**What is required:** The job is to find each line in the entries holding the string "fishing" and copy that line.

Top of Task inputs

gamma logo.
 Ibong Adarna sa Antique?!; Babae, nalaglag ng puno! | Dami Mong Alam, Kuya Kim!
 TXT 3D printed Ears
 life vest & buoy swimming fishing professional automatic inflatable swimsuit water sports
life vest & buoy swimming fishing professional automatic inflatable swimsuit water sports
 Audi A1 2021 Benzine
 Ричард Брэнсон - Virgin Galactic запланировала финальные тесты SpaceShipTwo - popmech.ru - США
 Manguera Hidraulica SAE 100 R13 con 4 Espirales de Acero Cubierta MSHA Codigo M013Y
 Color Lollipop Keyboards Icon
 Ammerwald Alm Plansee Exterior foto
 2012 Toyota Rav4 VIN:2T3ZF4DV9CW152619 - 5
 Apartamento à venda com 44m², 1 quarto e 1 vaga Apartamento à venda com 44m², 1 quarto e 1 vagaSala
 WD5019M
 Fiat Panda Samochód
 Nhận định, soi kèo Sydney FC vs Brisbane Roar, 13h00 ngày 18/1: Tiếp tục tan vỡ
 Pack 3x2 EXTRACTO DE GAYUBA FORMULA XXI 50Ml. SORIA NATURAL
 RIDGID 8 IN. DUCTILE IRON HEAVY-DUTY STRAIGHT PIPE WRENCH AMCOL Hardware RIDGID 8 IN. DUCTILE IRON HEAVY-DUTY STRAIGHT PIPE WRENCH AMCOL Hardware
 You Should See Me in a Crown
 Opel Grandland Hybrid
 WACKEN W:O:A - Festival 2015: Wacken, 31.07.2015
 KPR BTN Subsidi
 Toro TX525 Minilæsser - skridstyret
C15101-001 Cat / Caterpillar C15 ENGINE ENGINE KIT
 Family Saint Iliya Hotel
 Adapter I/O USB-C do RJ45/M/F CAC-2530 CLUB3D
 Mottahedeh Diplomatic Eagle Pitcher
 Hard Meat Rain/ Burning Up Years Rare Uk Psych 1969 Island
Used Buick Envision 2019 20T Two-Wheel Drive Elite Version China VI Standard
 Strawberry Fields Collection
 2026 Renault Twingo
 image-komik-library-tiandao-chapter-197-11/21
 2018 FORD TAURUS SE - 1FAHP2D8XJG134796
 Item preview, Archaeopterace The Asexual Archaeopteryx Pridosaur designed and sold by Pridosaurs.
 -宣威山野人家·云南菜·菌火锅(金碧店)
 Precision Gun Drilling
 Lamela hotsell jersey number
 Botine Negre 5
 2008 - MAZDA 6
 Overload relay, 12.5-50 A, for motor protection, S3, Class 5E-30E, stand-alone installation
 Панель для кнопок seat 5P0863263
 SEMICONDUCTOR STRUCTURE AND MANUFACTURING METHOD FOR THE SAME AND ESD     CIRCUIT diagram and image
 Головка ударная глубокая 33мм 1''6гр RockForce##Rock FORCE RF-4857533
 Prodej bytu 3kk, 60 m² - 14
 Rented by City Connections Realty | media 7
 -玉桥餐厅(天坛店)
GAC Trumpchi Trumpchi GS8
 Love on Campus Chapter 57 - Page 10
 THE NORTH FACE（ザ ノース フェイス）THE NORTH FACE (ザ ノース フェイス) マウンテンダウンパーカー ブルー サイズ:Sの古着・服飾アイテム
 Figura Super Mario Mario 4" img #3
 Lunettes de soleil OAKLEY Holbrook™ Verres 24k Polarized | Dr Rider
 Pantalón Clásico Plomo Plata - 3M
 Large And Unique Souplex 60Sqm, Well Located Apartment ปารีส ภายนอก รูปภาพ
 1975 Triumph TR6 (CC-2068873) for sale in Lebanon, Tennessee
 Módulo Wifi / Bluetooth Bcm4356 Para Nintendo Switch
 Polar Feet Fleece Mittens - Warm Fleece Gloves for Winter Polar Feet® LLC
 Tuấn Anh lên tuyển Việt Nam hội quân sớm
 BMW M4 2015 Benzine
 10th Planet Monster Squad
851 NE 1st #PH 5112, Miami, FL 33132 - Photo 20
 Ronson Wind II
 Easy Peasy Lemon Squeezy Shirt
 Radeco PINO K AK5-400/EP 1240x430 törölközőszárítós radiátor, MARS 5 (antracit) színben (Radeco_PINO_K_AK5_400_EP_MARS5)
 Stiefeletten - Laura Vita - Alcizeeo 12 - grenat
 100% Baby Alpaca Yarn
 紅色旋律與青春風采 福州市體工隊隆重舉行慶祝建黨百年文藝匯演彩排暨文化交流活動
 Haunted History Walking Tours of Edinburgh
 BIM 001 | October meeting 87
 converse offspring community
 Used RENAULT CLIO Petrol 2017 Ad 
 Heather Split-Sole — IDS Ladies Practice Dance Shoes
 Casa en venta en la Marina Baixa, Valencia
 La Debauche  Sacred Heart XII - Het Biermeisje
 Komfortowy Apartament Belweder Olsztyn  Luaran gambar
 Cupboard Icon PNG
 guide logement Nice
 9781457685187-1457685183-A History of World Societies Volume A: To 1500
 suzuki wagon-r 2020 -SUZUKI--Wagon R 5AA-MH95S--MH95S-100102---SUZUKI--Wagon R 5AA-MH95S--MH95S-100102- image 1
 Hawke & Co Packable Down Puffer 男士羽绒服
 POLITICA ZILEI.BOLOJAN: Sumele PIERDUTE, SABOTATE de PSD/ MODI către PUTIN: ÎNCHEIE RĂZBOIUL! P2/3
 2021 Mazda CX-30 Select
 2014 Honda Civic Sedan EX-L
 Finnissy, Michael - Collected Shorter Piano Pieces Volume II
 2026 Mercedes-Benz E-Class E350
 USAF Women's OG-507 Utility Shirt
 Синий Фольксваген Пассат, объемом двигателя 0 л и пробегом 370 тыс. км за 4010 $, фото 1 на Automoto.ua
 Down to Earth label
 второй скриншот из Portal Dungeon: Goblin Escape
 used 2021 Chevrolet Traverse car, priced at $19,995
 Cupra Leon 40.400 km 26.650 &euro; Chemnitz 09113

Bottom of Task inputs

**Written answer:**
 life vest & buoy swimming fishing professional automatic inflatable swimsuit water sports
life vest & buoy swimming fishing professional automatic inflatable swimsuit water sports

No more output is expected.